Prawdopodobnie każdy z nas ma swoje wyjątkowe wspomnienia związane z przysmakami z czasów młodości. Wiele z nich to pierwsze szkolne lub przedszkolne posiłki, ulubione dania, ale także znienawidzone potrawy, na myśl o których nadal może robić się słabo. Zapytaliśmy mieszkańców Gdańska, Sopotu i Gdyni, co najbardziej zapadło im w pamięć.
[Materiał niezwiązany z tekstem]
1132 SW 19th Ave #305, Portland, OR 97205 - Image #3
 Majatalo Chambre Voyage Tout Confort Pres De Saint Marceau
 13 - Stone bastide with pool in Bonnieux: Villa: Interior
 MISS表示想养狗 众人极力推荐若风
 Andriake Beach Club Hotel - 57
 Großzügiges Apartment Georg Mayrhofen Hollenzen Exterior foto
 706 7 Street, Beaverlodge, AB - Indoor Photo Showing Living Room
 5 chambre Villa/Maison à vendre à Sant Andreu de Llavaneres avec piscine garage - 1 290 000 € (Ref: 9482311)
Czytaj też: Telegram w butelce sprzed 50 lat odnaleziono w murach remontowanego dworca

- Moje smaki dzieciństwa przypadają na lata 60. - wspomina Maria z Gdańska. - Są to przede wszystkim chleb polany kawą Turek i posypany cukrem. Czasami w innej wersji, z kwaśną śmietaną i cukrem. To także bułka ze smalcem domowej roboty i solą, a do tego jabłko, czyli kwaśna "papierówka" prosto z jabłonki z ogródka. Oczywiście był też placek drożdżowy z rodzynkami, którym pachniał cały dom w sobotę po przyjściu ze szkoły. Nie zapomnę lodów Eskimos kupowanych na ul. Wyspiańskiego we Wrzeszczu. Była też oranżada od Cyrsona z budki z warzywami, którą wspominał również Paweł Huelle w książce "Weiser Dawidek". Zimą stawialiśmy ją za piecem kaflowym, żeby się ogrzała. A na koniec jabłko, tak zwana "zimówka", czyli pieczone w piecu.
Są dzieci, które na posiłki przychodzą z radością, lubią próbować nieznanych potraw i łatwo przekonują się do nowych smaków. Są również takie, które potrzebują znacznie więcej czasu i cierpliwości, dlatego szybko zostają okrzyknięte "niejadkiem". Są dzieci, które na posiłki przychodzą z radością, lubią próbować nieznanych potraw i łatwo przekonują się do nowych smaków. Są również takie, które potrzebują znacznie więcej czasu i cierpliwości, dlatego szybko zostają okrzyknięte "niejadkiem".
- Ja się zawsze na śniadanie w przedszkolu spóźniałam, bo nie liczyliśmy czasu rano i w przedszkolu lądowałam, gdy ze śniadania zostawało dosłownie kilka kanapek - opowiada Dominika, która do przedszkola chodziła w latach 90. - Pamiętam, że kanapki były z pastą jajeczną i choć dawniej jej nie lubiłam, to dziś z chęcią bym takie kanapki zjadła. Do tego pamiętam naleśniki serwowane wyłącznie w piątki, bo przestrzegano postu. Było też kakao i kompot. Do tego chyba najfajniejsze jest wspomnienie zapachu świeżej zupy czy kotletów, który niósł się przez całe przedszkole. Zawsze na mnie wrażenie robił ten gigantyczny gar z zupą i z ogromną chochlą w kuchni, gdy zaglądałam tam ukradkiem.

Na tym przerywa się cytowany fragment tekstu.